In the hamlet is Little Lawford Hall. The original Lawford Hall was built during the reign of Henry VII, possibly on the site of an earlier monastic grange which belonged to the monks of Pipewell Abbey, which was dissolved during the dissolution of the monasteries. It became the ancestral home of the Rouse-Boughton family. According to folklore, one of the Boughtons lost his arm during the reign of Elizabeth I and his ghost which is known as 'One-handed Boughton' continues to haunt the area.

In 1780 the hall was the scene of a notorious murder case, when the heir to the family fortune Theodosius Boughton, died under mysterious circumstances while still a minor.
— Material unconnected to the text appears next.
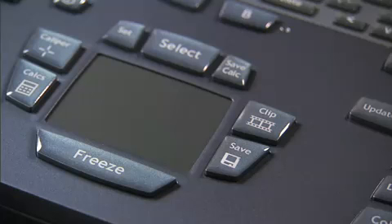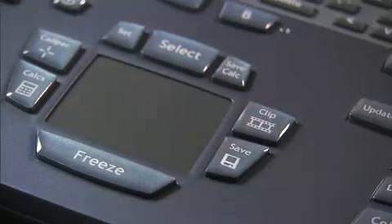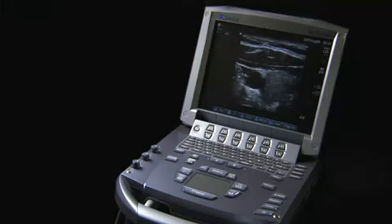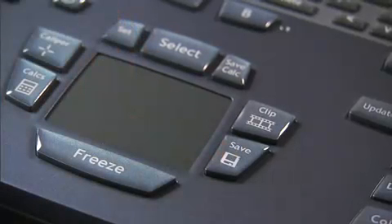On the right side of the touchpad, you have image storage options. Clip storage allows you to save a movie of the ultrasound image — a clip length from 2 to 60 seconds may be captured. The Save button allows you to save an image or clip to the internal storage on the system.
It was soon determined that the cause of his death was poisoning, and suspicion soon fell on his brother-in-law, Captain John Donellan, husband of his sister, who would stand to gain the family inheritance if Theodosius died before the age of 21. Despite protesting his innocence, Donellan was tried and convicted of Boughton's murder, and hanged at Warwick the following year. Following these tragic events the family decided to demolish the hall in around 1790, sell the estate, and move elsewhere. Nothing now remains of it except foundations.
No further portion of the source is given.